TASK GOAL: Every entry is to be returned exactly as it stands; the pictures are to be dropped.

Captioned web images:
***

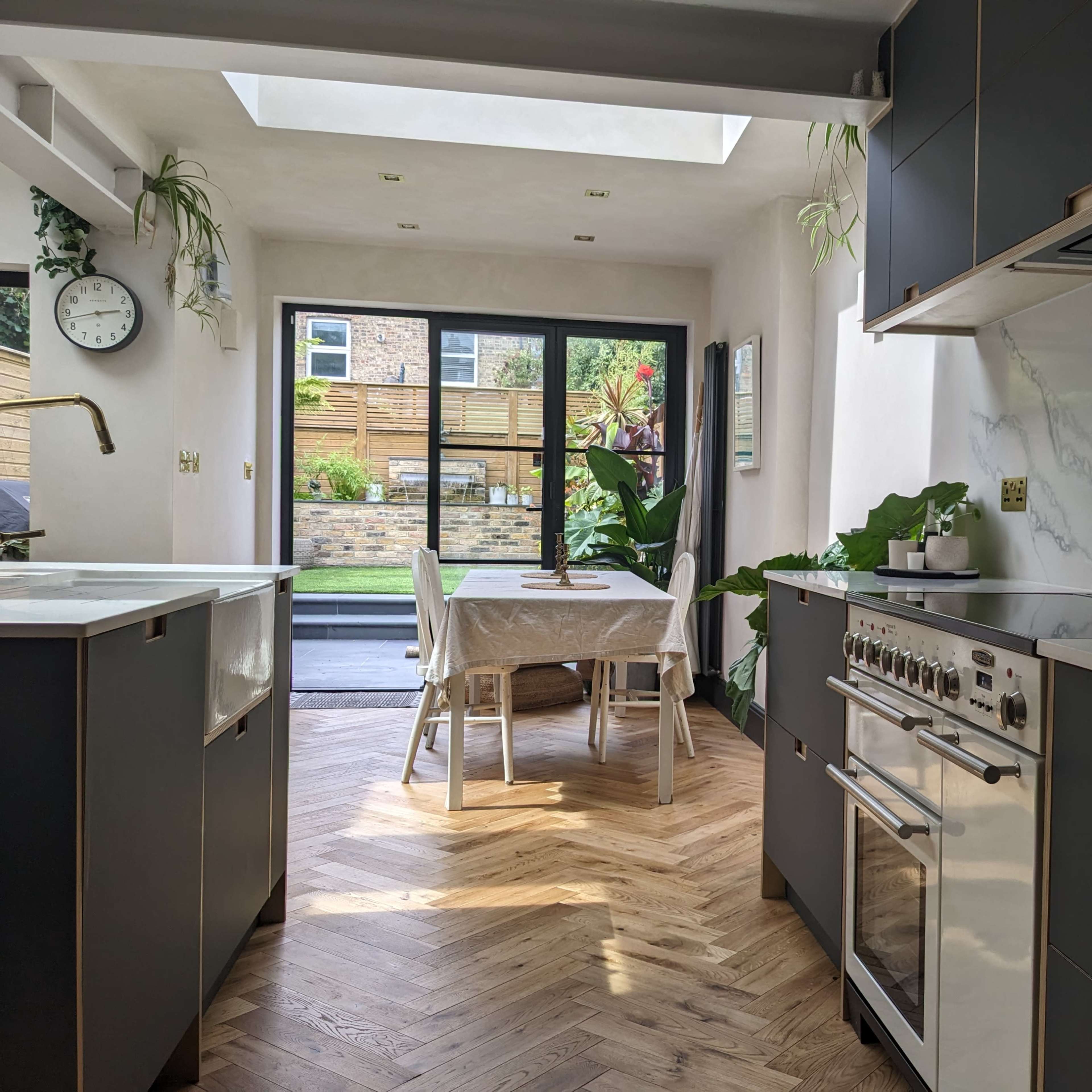A modern kitchen with dark cabinetry, a marble countertop, and a view of a dining area and garden through sliding glass doors.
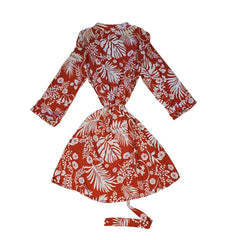 Orange and white palm patterned robe on a light background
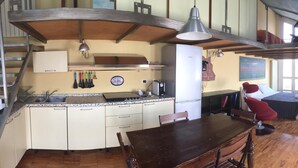 A compact kitchen with a dining area, a red chair, and a bed in the adjacent room. - B&B Treviglio (Treviglio)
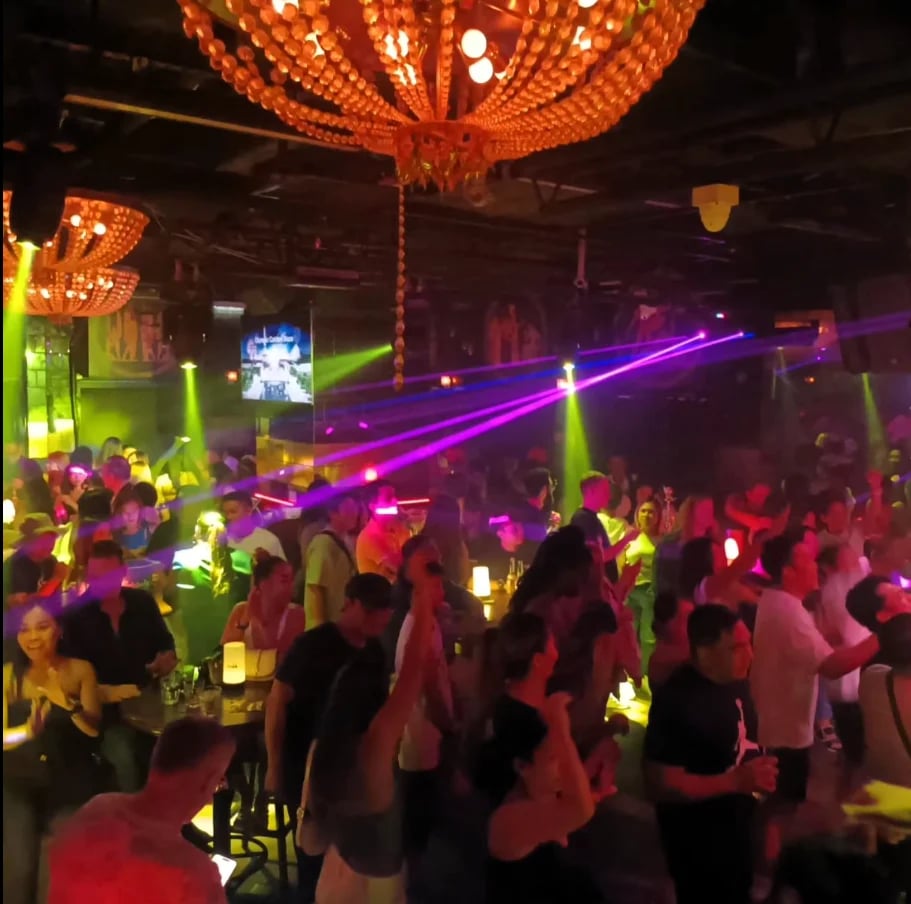 Crowded Taboo nightclub with purple and green neon lights, glowing decorative spheres, and people dancing on the dance floor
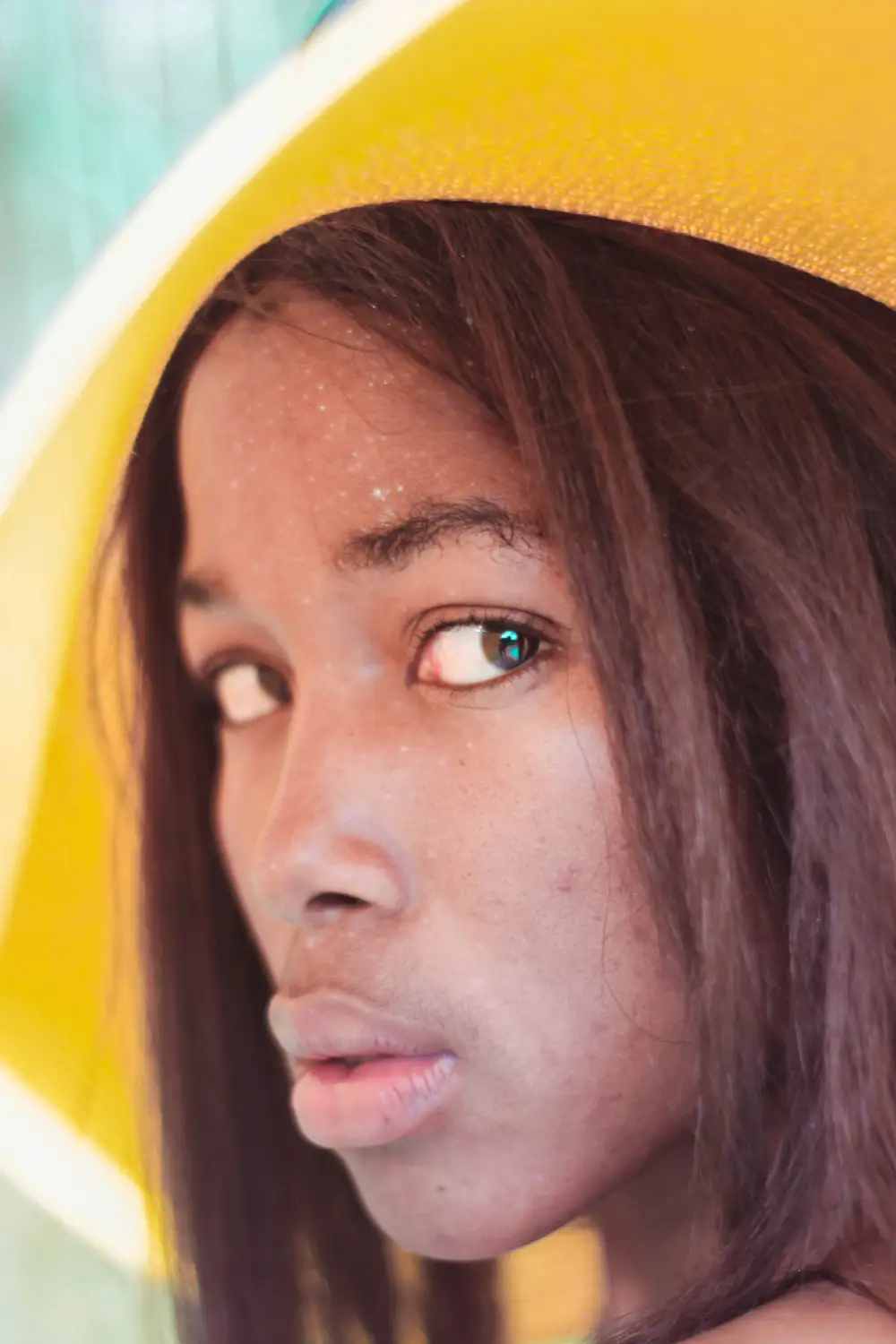 Close-up of girl adorning a yellow sun hat staring into the camera
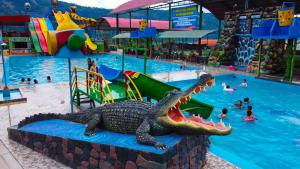 Una estatua de cocodrilo en una piscina de un parque acuático. en Recreo Hotel Aldea, en San Antonio 2 fotos más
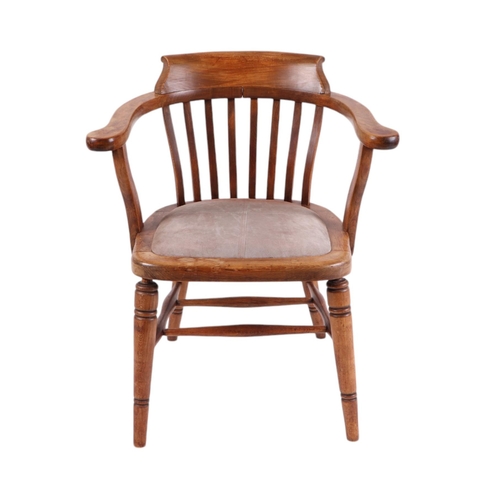 829 - A late 19th / early 20th century stained beech desk chair with upholstered seat and ring turned fron... 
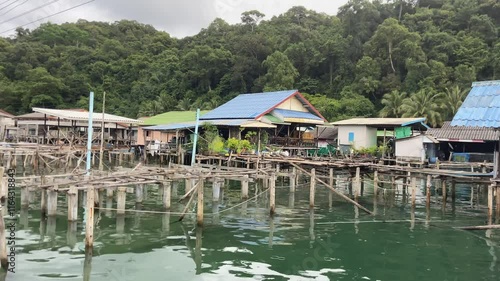 fisherman village in Thailand, Ko kut Island, stilt house over sea, and tropical forest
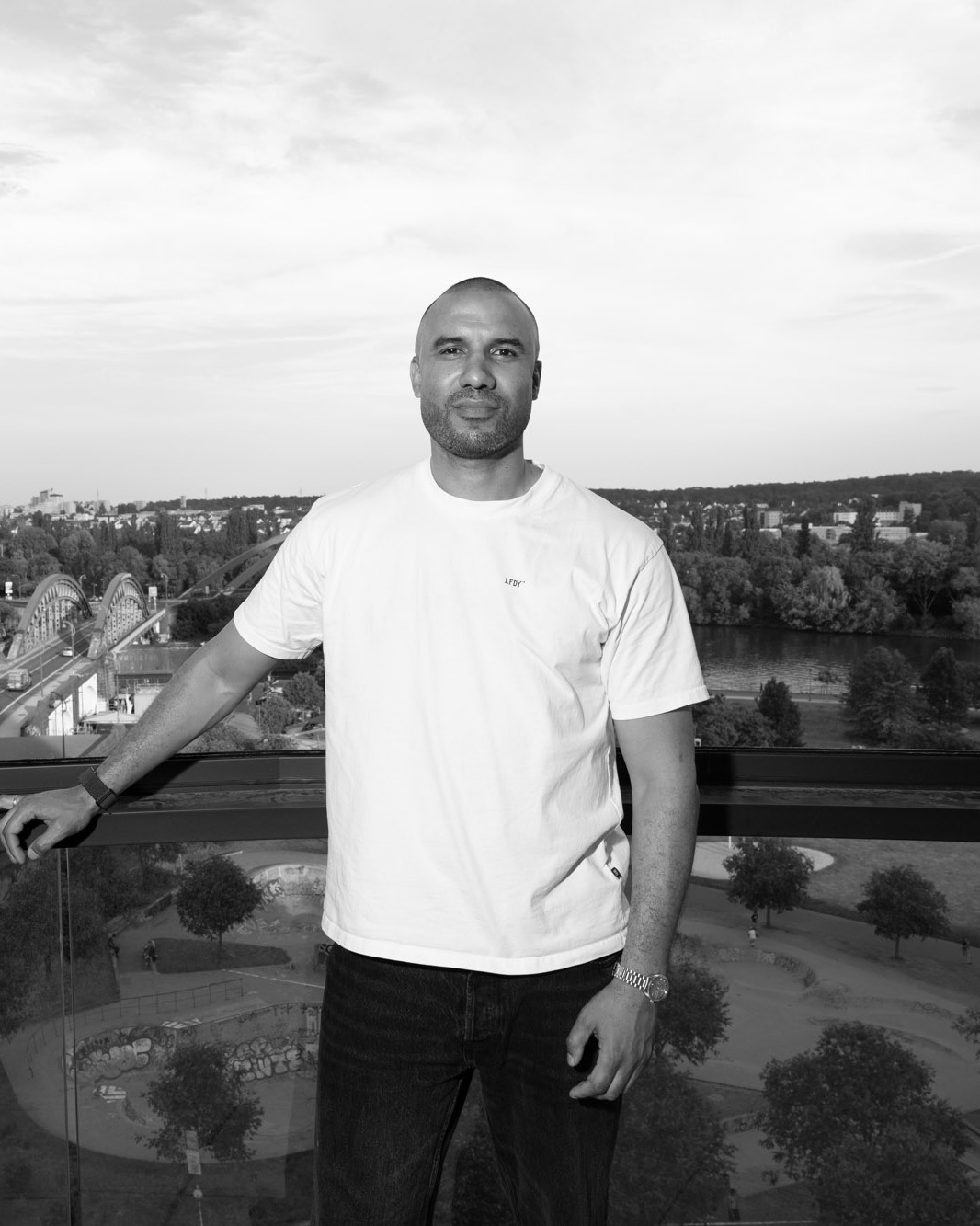 Portrait on a rooftop overlooking Frankfurt am Main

***

RESULT BELOW:
A modern kitchen with dark cabinetry, a marble countertop, and a view of a dining area and garden through sliding glass doors.
 Orange and white palm patterned robe on a light background
 A compact kitchen with a dining area, a red chair, and a bed in the adjacent room. - B&B Treviglio (Treviglio)
 Crowded Taboo nightclub with purple and green neon lights, glowing decorative spheres, and people dancing on the dance floor
 Close-up of girl adorning a yellow sun hat staring into the camera
 Una estatua de cocodrilo en una piscina de un parque acuático. en Recreo Hotel Aldea, en San Antonio 2 fotos más
 829 - A late 19th / early 20th century stained beech desk chair with upholstered seat and ring turned fron... 
 fisherman village in Thailand, Ko kut Island, stilt house over sea, and tropical forest
 Portrait on a rooftop overlooking Frankfurt am Main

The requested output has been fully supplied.